• [TASK PROMPT]:
Beginning with the line containing "Detective Comics Vol. 2 #952", transcribe every line exactly down to the last one in the records below, and drop the pictures.

• [Data records]:

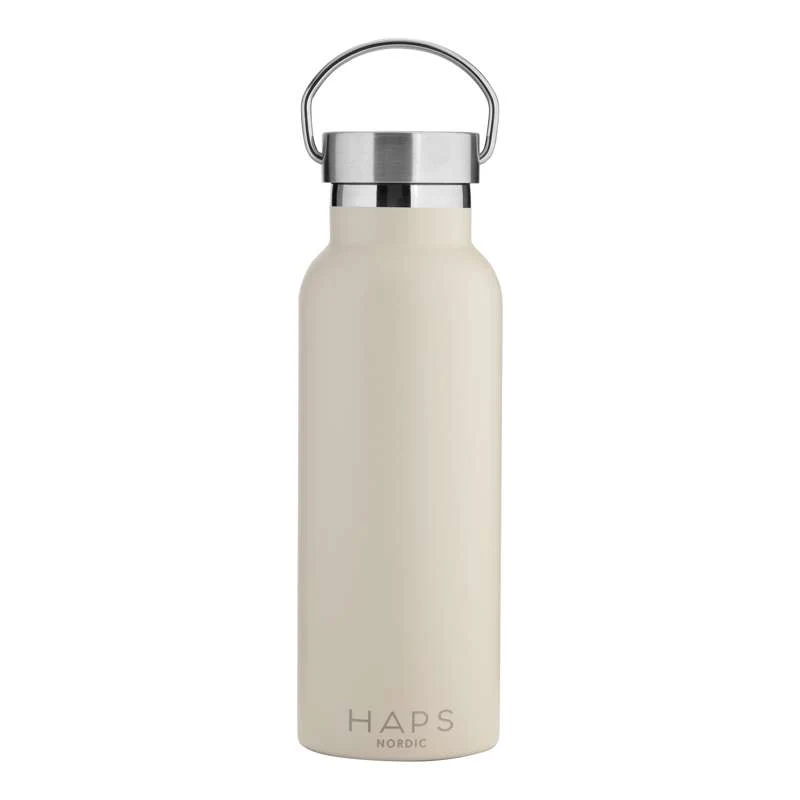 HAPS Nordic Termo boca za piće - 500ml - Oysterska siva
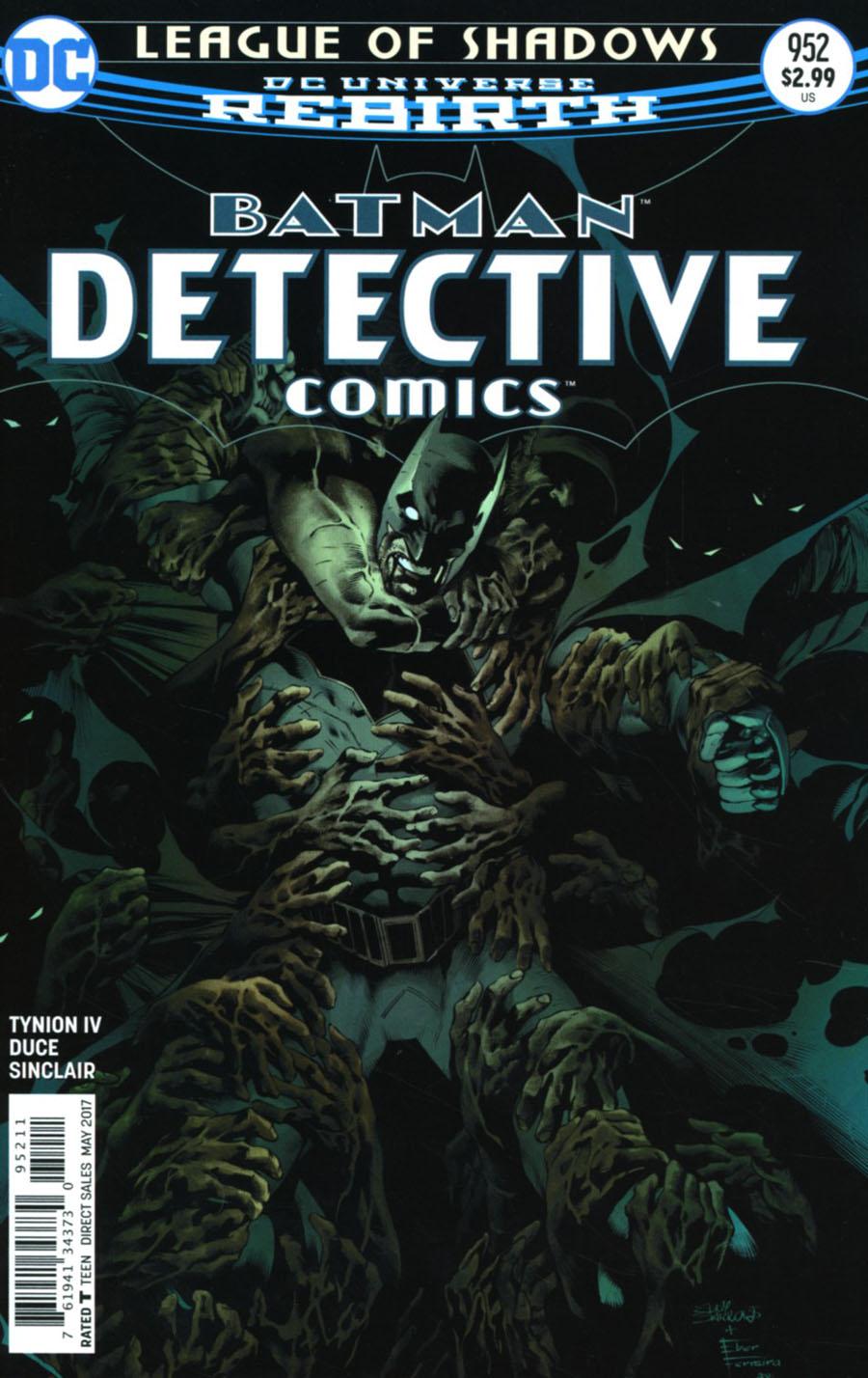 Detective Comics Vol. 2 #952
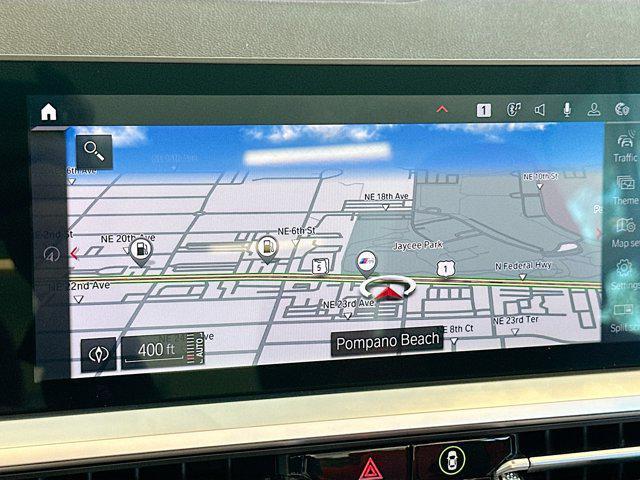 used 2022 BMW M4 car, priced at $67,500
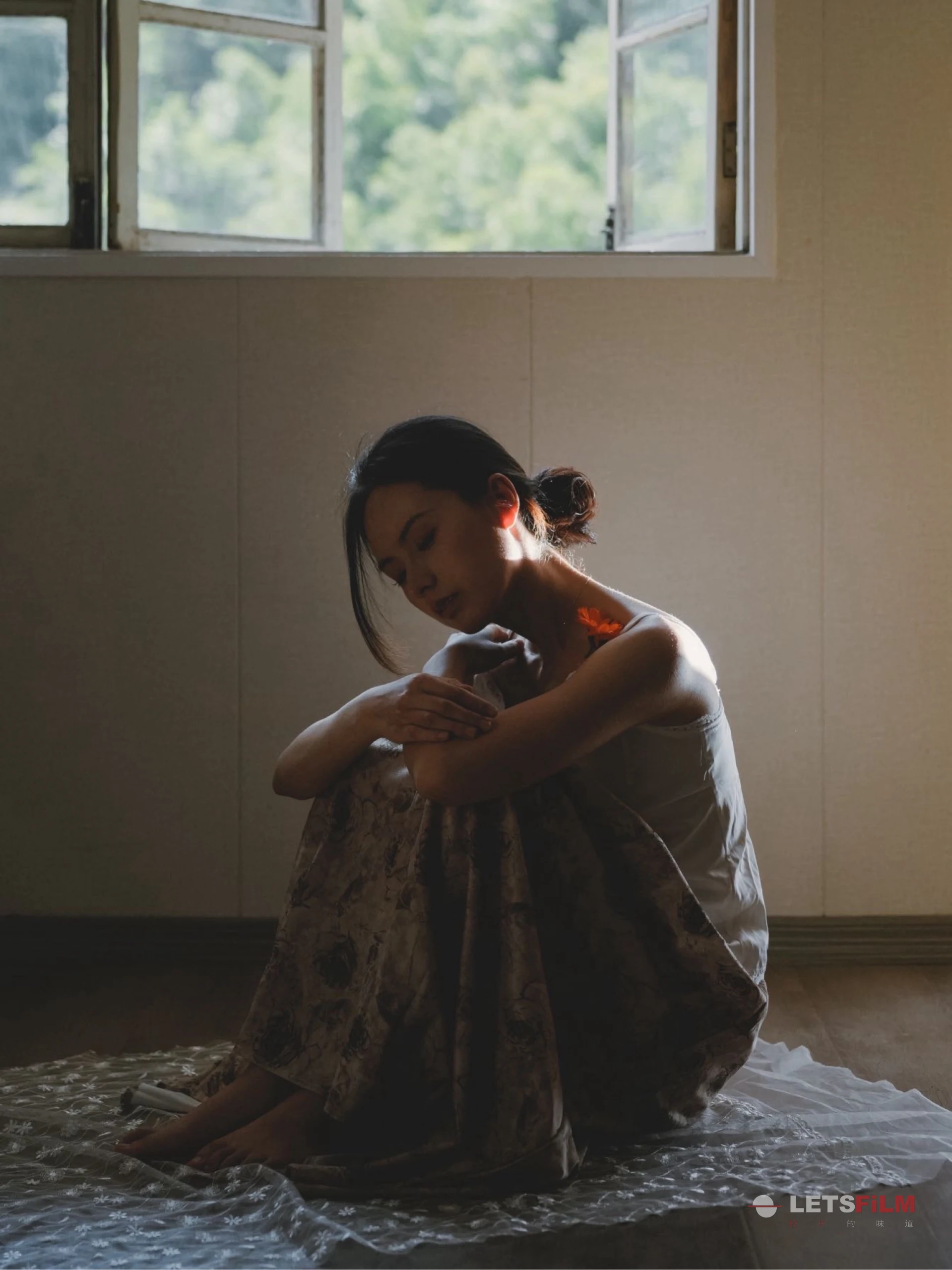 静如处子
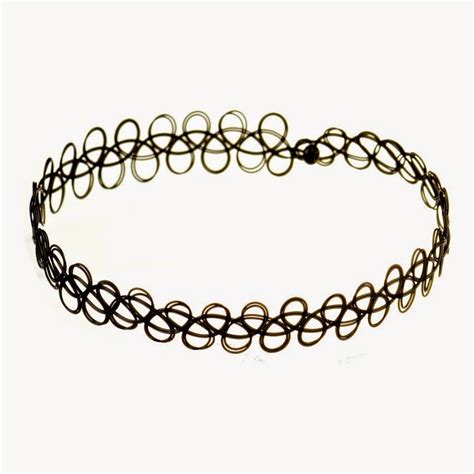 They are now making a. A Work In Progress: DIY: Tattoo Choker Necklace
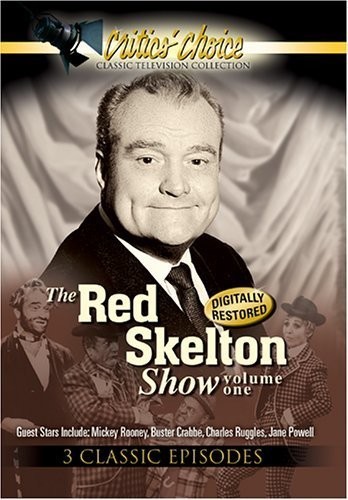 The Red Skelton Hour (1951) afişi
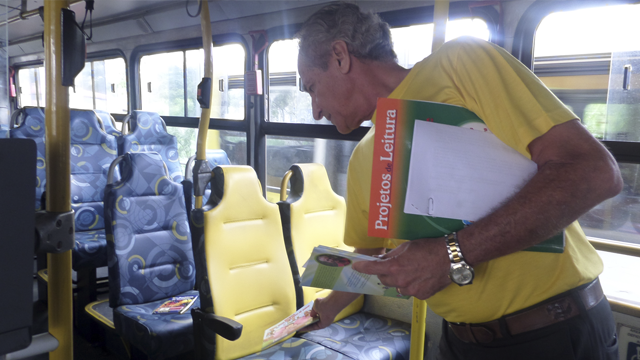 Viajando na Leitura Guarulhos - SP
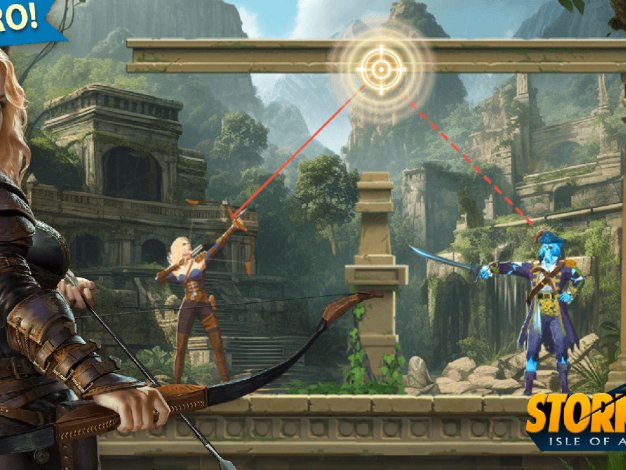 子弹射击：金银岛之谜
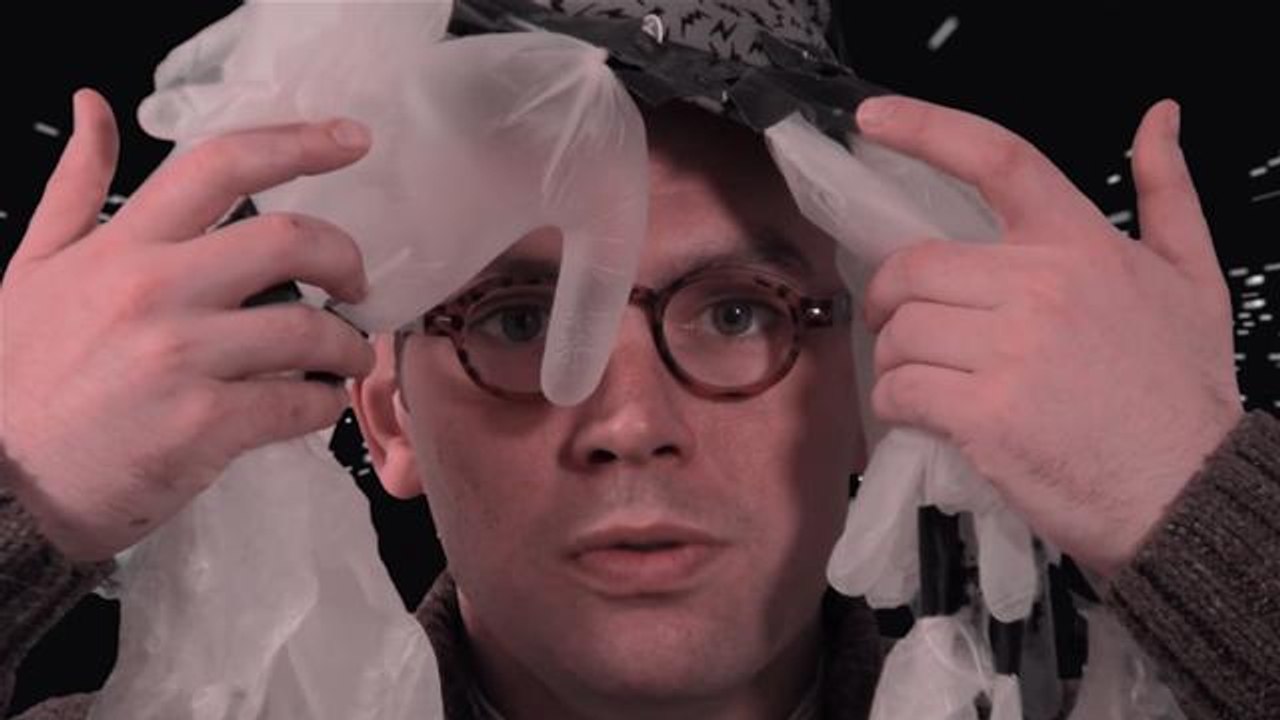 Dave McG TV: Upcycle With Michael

• [RESPONSE]:
 Detective Comics Vol. 2 #952
 used 2022 BMW M4 car, priced at $67,500
 静如处子
 They are now making a. A Work In Progress: DIY: Tattoo Choker Necklace
 The Red Skelton Hour (1951) afişi
 Viajando na Leitura Guarulhos - SP
 子弹射击：金银岛之谜
 Dave McG TV: Upcycle With Michael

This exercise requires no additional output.